Philanthropy Management Capstones
The following capstone projects are examples of the work conducted by students in the John Lewis Public Administration Program. Please visit the Center for Applied Research website to learn more about working with our students.
Strategic Evaluation and Impact Measurement for a Private Foundation
Author: Brandon Bourque
Description: This capstone project establishes a recommended framework for measuring and communicating the outcomes of its philanthropic investments at a private family foundation based in Los Angeles that is committed to advancing arts education, youth development, and social equity. Through internal stakeholder interviews, sector research on equitable evaluation practices, and application of the City Resilience Framework, three actionable strategies are offered: implementing a tiered impact measurement framework to align reporting expectations with grantee capacity; piloting a storytelling-based evaluation tool to capture qualitative and cultural outcomes; and co-developing success indicators with grantees to ensure evaluations reflect community-defined measures of success. Included in this project is a detailed logic model and phased implementation plan, providing the foundation with a roadmap to strengthen its impact measurement practices while centering equity, reducing grantee burden, and deepening learning across its portfolio.
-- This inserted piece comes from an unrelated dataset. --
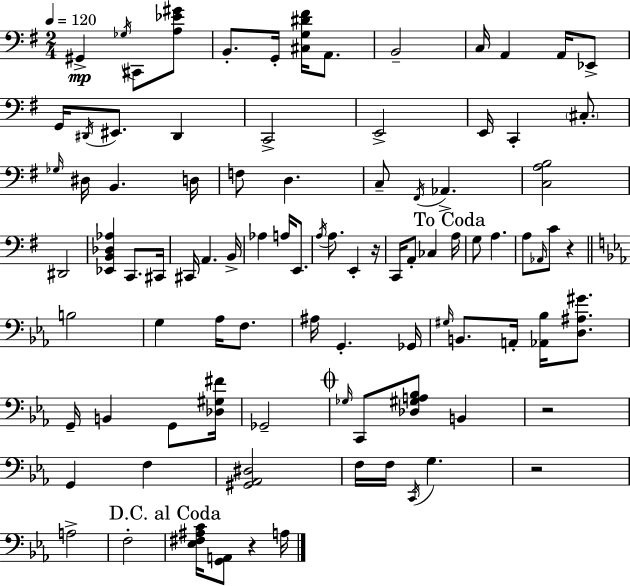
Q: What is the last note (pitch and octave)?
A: A3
Orleans Parish Jail Population Management Initiative
Author: De'Anna LaVigne-Lawson
Host: Orleans Parish Sheriff's Office
Description: The Orleans Parish Sheriff's Office faces ongoing challenges in managing its jail population, resulting in chronic overcrowding, operational inefficiencies, and increased safety and health risks for both staff and incarcerated individuals. This capstone project offers recommendations for the mitigation of these challenges, advising development of real-time analytics dashboards, the use of pretrial risk assessment tools, and enhancement of interagency coordination. Included in this plan are a multi-phased implementation plan, projected fiscal impacts, and methods for funding initiatives. The anticipated outcomes include faster case processing, improved transparency, and more efficient resource allocation. . These reforms aim to create a just system that effectively addresses the needs of all community members through faster case processing, improved transparency, and efficient resource allocation.
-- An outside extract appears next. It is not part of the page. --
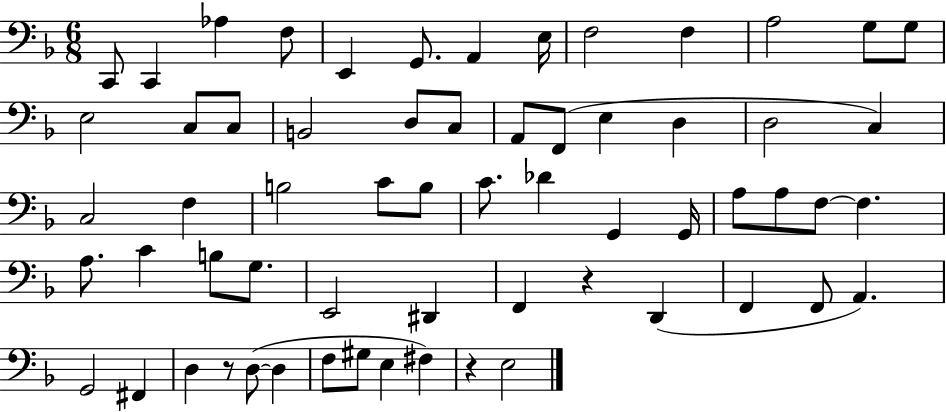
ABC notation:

Maximizing Executive Efficiency in a Small Nonprofit
Author: Jonathan Toups
Host: Angels’ Place
Description: All over the United States, executive directors play a critical and outsized role carrying out with limited resources the mission of their small community nonprofit organizations. The capstone project by Jonathan Toups researched practical and inexpensive ways executive director Mark Firmin can increase his effectiveness and efficiency to carry out Angels’ Place’s mission of providing support services to children with life-threatening illnesses and their families, including increasing the organization’s resource capacity, developing protocols for narrative storytelling, and implementing free and open-source digital and AI tools.